As the three make their way through the canyon, the tension between Ben and Johnny remains. They spot a stagecoach being chased by Indians and move in to help fight them off. Ben discovers that Jane may have been one of the passengers who decided not to risk the trip due to the Indian issue. On board is Julie, a dance hall girl, whom Ned begins to fall for. The next morning, the Indians attack again. The group holds their own; the cavalry arrives and begins the movement of the Indians to the reservation. Ned still refuses to accompany his brother to San Francisco, but Johnny forces him onto the stagecoach, knocks Ben out and leaves the driver with him. Julie goes along. Inside the stagecoach office in Fort Defiance, Ned draws a gun on Johnny and begs him to not make him go. Seeing Ned's genuine desire to stay with Ben and Julie, he goes to the saloon where he tells Parker's man that Parker "as of this minute" has bought the Tallon ranch.
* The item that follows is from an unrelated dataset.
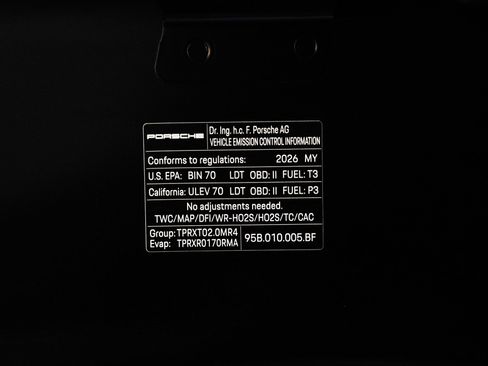 Certified 2026 Porsche Macan AWD/4WD image 42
Johnny demands a bill of sale and all the money in the saloon's cash register and safe. Parker's man argues and Johnny shoots him down. The bartender supplies Johnny with the money and bill of sale, which Johnny gives to Ben  - who has recovered and made his way to Fort Defiance - so he and Ned can start their ranch partnership.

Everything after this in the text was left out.